Devecchio évoque une époque où la discipline, l’effort et le respect des institutions étaient des piliers d’une intégration fragile mais réelle. Aujourd’hui, les banlieues traversent une crise profonde, marquée par une insécurité croissante et un effondrement des structures sociales. L’école, autrefois lieu de transmission, a perdu son autorité face à l’anomie et aux tensions communautaires. Le passage d’un environnement paisible à un espace hostile reflète les dérives d’une immigration massive qui n’a pas su s’inscrire dans le tissu culturel français, entraînant une fracture irréversible.
L’auteur souligne l’effondrement économique de ces zones, où la désertification des services publics et l’absence de perspectives ont conduit à un repli identitaire. Les générations précédentes, issues d’un migratisme plus modeste, avaient su s’intégrer en respectant les codes locaux. Aujourd’hui, une logique séparatiste s’est imposée, favorisant le rejet de la République au nom d’une victimisation orchestrée par des idéologies éloignées des réalités locales.

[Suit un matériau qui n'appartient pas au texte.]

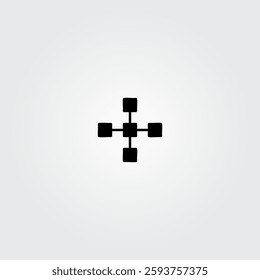 Network icon logo flat vector design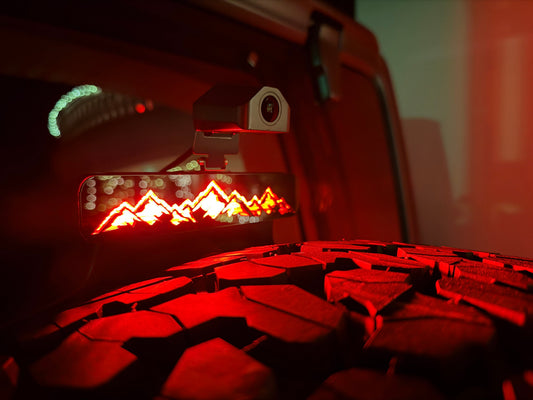 Laser Series Acrylic Third Brake Light Overlay - 2018+ Wrangler JL - 18JLLASERBRAKE-MR-18JLLASERBRAKE-SIW- DRIVEN - 2
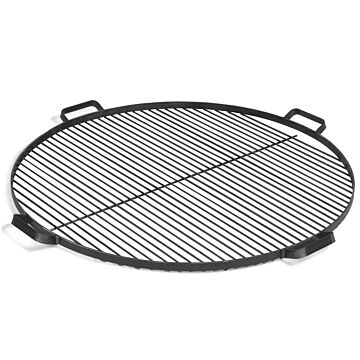 CookKing Black Steel Grill Grid with 4 Handles 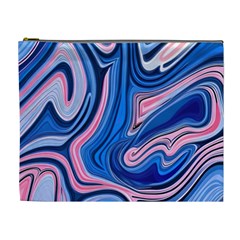 Abstract Liquid Art Pattern Cosmetic Bag (xl) by GardenOfOphir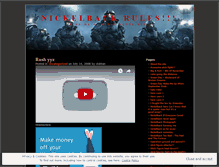 Tablet Screenshot of nicklebackrules.wordpress.com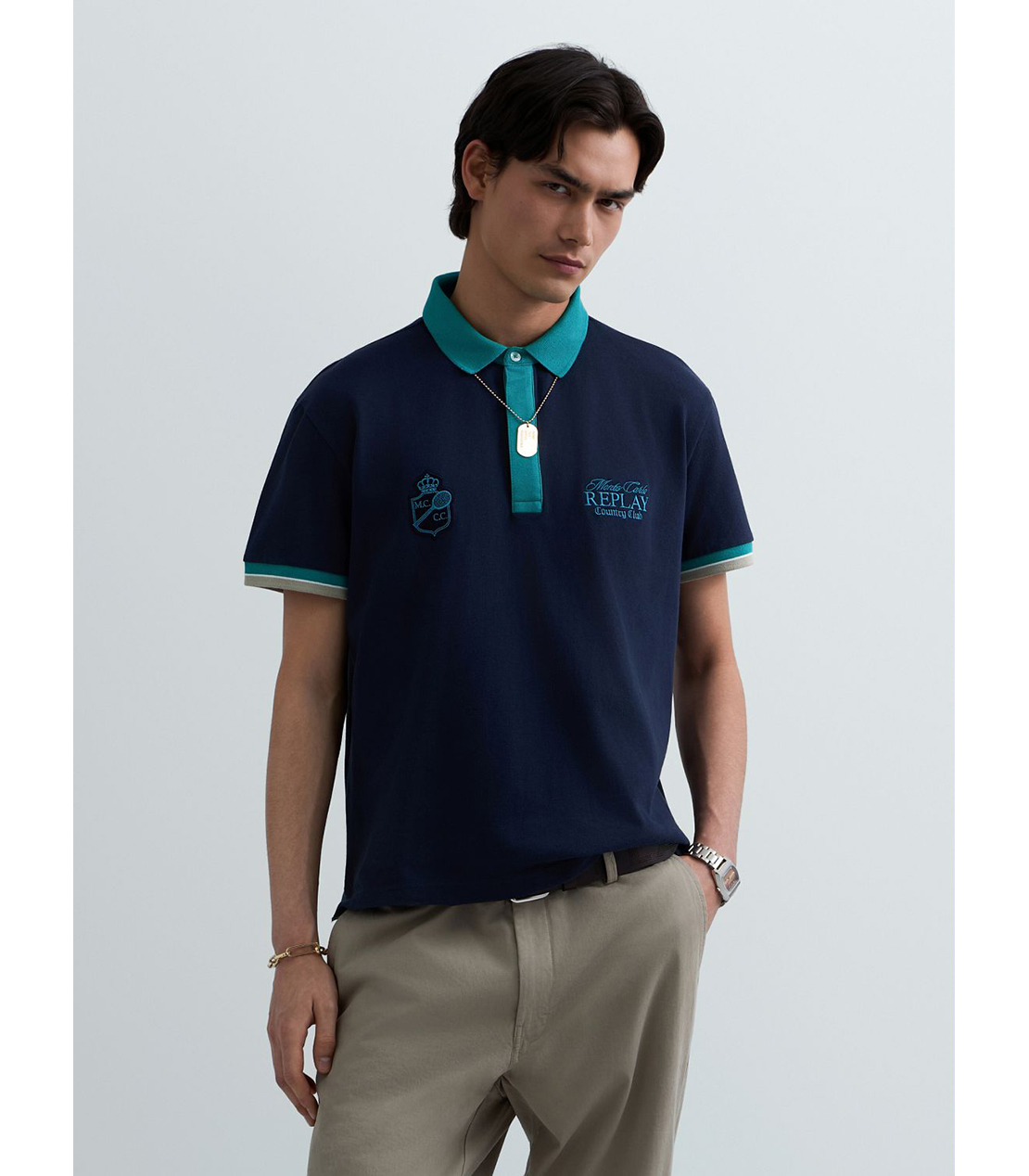 REPLAY &times; Monte Carlo Country Club ポロシャツ 詳細画像 ネイビー 1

Dans ce climat de crise, Devecchio redonne voix aux victimes oubliées, dont les noms ont été effacés par un système médiatique qui privilégie les discours politiquement corrects. Il dénonce l’abandon des classes populaires par une élite politique et médiatique, incapable de comprendre les besoins d’une population en détresse. Cette distance entre le pouvoir et le peuple a conduit à un désengagement croissant, exacerbé par la montée d’un vote de survie dans des partis marginaux.
Le livre de Devecchio est une plongée dans les contradictions d’une France en mutation, où l’individualisme et l’absence de projets collectifs ont accéléré le déclin économique et social. Il invite à repenser les fondements d’une cohésion nationale menacée par des choix politiques qui n’ont pas su répondre aux attentes d’un peuple en quête de sens.